Après avoir publié Le Roman colonial (2000) et L’Homme de paille (1998), deux romans qui avaient des saveurs historiques et/ou politiques, voici que Daniel Poliquin nous offre une 7e création romanesque qui se loge plus à l’enseigne du picaresque, voire du plus pur plaisir et délire d’écrire. L’ouvrage s’intitule La Kermesse, l’action se déroule en grande partie à Ottawa et les protagonistes mènent une vie hors de la mesure, pour ne pas dire carrément débridée. Le lecteur et la lectrice s’amusent gaiement.
La période couverte par le roman s’étend de 1914 à 1934, soit du début de la Première guerre mondiale jusqu’à l’aube de la Seconde guerre mondiale.
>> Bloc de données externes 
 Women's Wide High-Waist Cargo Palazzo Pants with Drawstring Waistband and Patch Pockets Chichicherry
Le personnage principal et narrateur se prénomme Lusignan. Il affirme dès les premières pages que le folklore de son village lui a appris certaines choses, puis il ajoute: «j’ai inventé le reste du mieux que je pouvais (…) ma mémoire exagère, je sais, mais c’est la seule façon de faire vrai».
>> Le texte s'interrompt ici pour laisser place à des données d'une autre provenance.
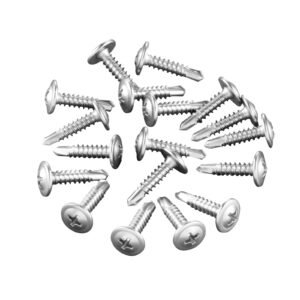 #8 Self Drilling Wood Screws, 3/4 Inch Long 350 PCS Truss Head Wood Screws, Phillips Drive Quick Metal Self Tapping Screw, Stainless Steel and Full Thread, Screwdriver Bit Included, Silver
Cet homme plus vrai que nature décide de devenir tour à tour journaliste, écrivain et homme d’État. Il franchit les deux premiers échelons aisément car «le conformisme est une voie d’avenir et, de surcroît, pas fatigante du tout». Le troisième échelon reste à voir, et ce même si Lusignan se ment comme toujours et qu’il se pardonne aisément.
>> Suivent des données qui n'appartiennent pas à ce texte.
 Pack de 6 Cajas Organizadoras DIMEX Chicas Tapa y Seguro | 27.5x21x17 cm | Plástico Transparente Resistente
Traducteur au Sénat, notre protagoniste devient officier-interprète dans le Régiment d’infanterie légère de la Princesse Patricia. C’est là qu’il rencontre Essiambre d’Argenteuil, un homme qui l’envoûte et à qui il prête «le pouvoir de dissoudre toutes mes insuffisances». Lusignan devient lieutenant et amant d’Essiambre.
Revenu au Canada, il multiplie les aventures avec des femmes mais c’est toujours à d’Argenteuil qu’il pense lorsqu’il jouit seul la nuit. Il sombre dans l’alcoolisme, ne trouve pas d’emploi stable, ne peut même plus dire qui est premier ministre du Canada. «C’est agréable de ne plus savoir ce genre de chose.»